CaMKII-GCaMP6f Lentivirus

Lentiviruses (LVs) belong to the same family as gamma-retroviruses: Retroviridae. They all integrate their double-stranded DNA into the host genome and then use the host machinery to transcribe their genes back into RNA. Once replication is complete and they return to the cytoplasm, the viral RNA is translated and packaged into a new viral particle, which then buds out of the cell to complete the life cycle. LVs have a more complex genome than gamma-retroviruses. The essential genes required for survival and function are the gag, pol, and env genes, where gag encodes structural proteins, pol encodes enzymes required for reverse transcription and integration into the host cell genome, and env encodes the viral envelope glycoprotein. The first generation LV vectors contained most of the HIV genome, including the gag, pol, and env (most commonly VSV-G) genes. The env gene was encoded on a plasmid separate from the other lentiviral genes. In addition, the accessory genes vif, vpr, vpu, and nef, as well as the regulatory genes tat and rev, were included in the first generation LV vectors.

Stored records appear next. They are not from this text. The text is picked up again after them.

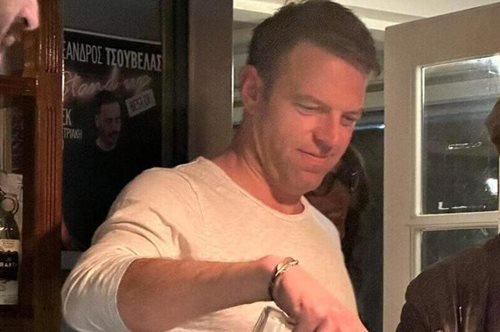 Ο Στέφανος Κασσελάκης κερνάει σφηνάκια σε μπαρ στις Σπέτσες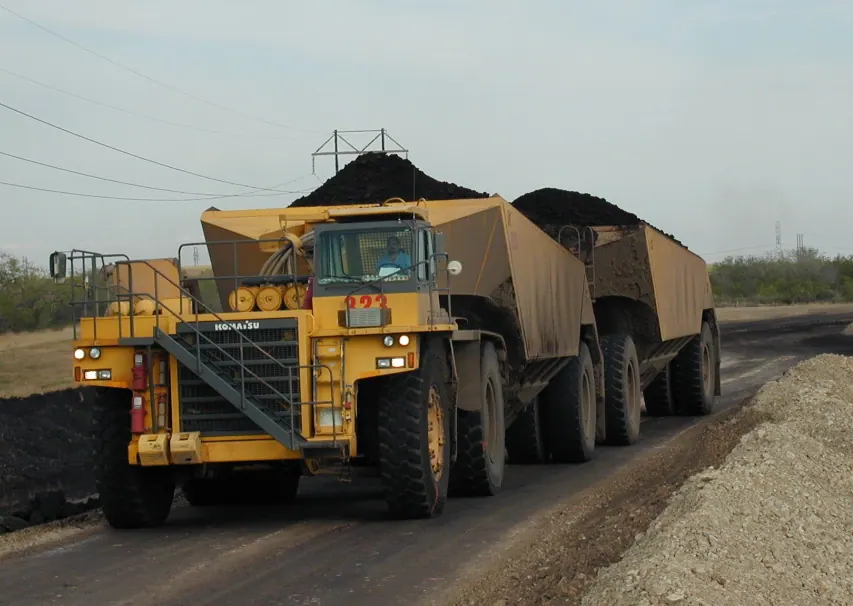 Understanding Tandem Trucks: Definition, History, and Applications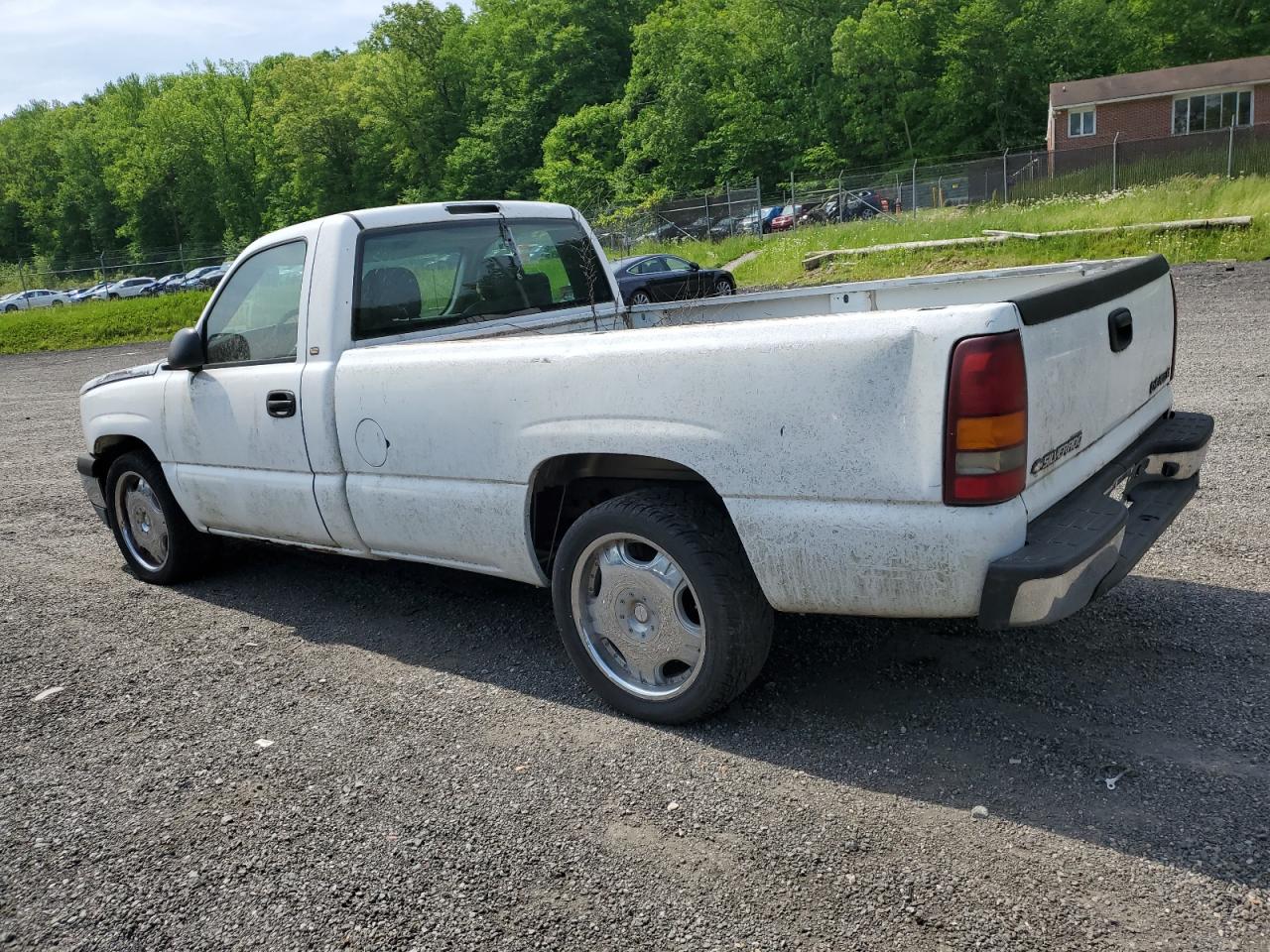 Photo 1 VIN: 1GCEC14X43Z314258 - CHEVROLET SILVERADO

Vif, vpr, vpu, and nef provide survival/fitness advantages for lentiviral replication in vivo, but they are not essential for viral growth in vitro. Tat and rev are required for viral replication. The second-generation LV vector removes the auxiliary virulence factors vif, vpr, vpu, and nef, which does not affect the transfer of genetic material to host cells. The gag and pol genes of the third-generation LV vector are encoded on a different plasmid from the rev or env genes, dividing the viral genome into separate plasmids, and introducing a deletion in the 3'LTR of the viral genome to produce a self-inactivating (SIN) lentiviral vector, destroying the promoter/enhancer activity of the LTR. This vector made of three independent plasmids contains both the essential viral sequences for packaging and further improves safety. In addition, the third-generation lentiviral vector also removes the unnecessary tat gene and engineers a constitutively active promoter into the upstream LTR of the transgenic construct.